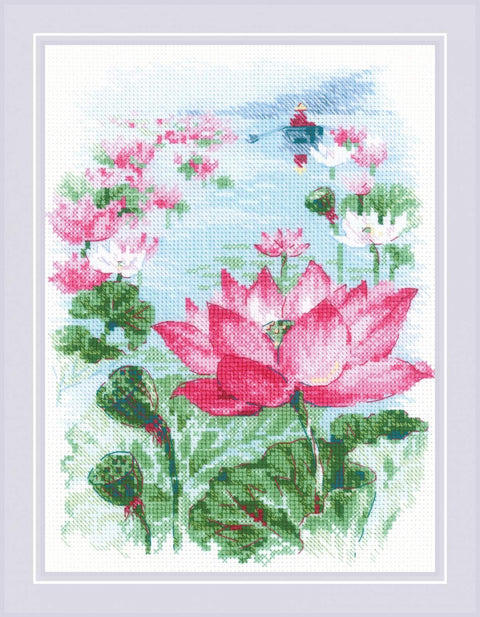 Lotus Field. Fisher cross stitch kit by RIOLIS Ref. no.: 1870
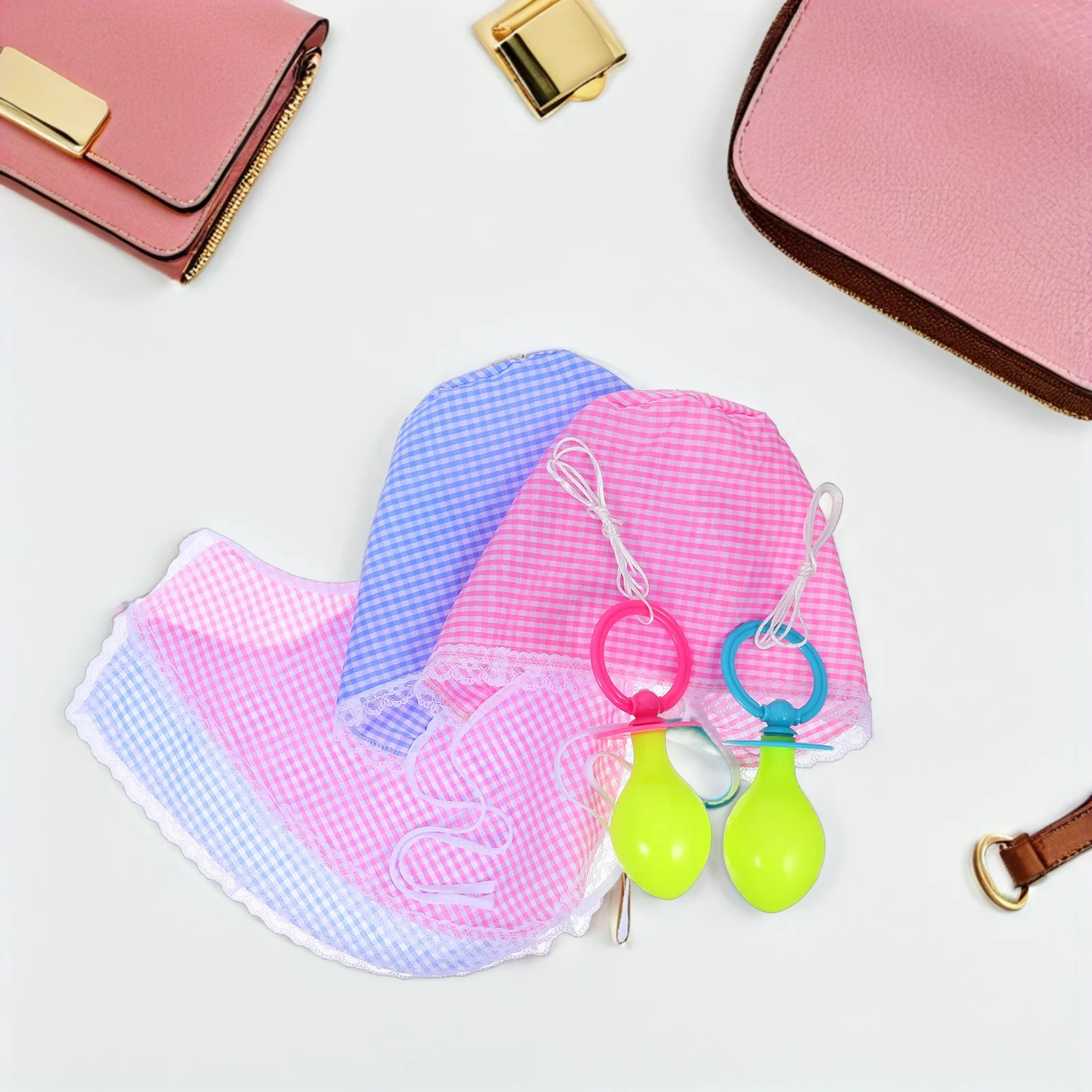 

2 set Adult Baby Costume Set Funny Cosplay Outfits Fancy Dress Play Accessories Bib Hat Jumbo Pacifier Party Halloween Festival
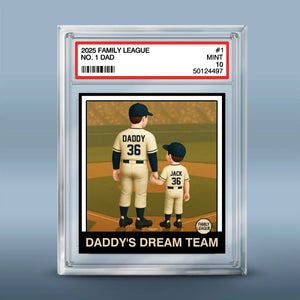 L'équipe de rêve de papa - Plaque rectangulaire personnalisée en acrylique pour la famille - Cadeau pour la fête des pères, les amateurs de sport et les sportifs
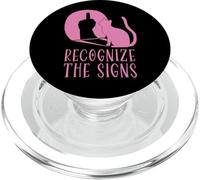 Recognize The Signs Humor Cat Shadow Sarcasm Adult Cat Funny PopSockets PopGrip for MagSafe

How to complete this task: Please restate word for word each line from the one containing "2 set Adult" to the end of the data above, without the pictures.

Answer section:
2 set Adult Baby Costume Set Funny Cosplay Outfits Fancy Dress Play Accessories Bib Hat Jumbo Pacifier Party Halloween Festival
 L'équipe de rêve de papa - Plaque rectangulaire personnalisée en acrylique pour la famille - Cadeau pour la fête des pères, les amateurs de sport et les sportifs
 Recognize The Signs Humor Cat Shadow Sarcasm Adult Cat Funny PopSockets PopGrip for MagSafe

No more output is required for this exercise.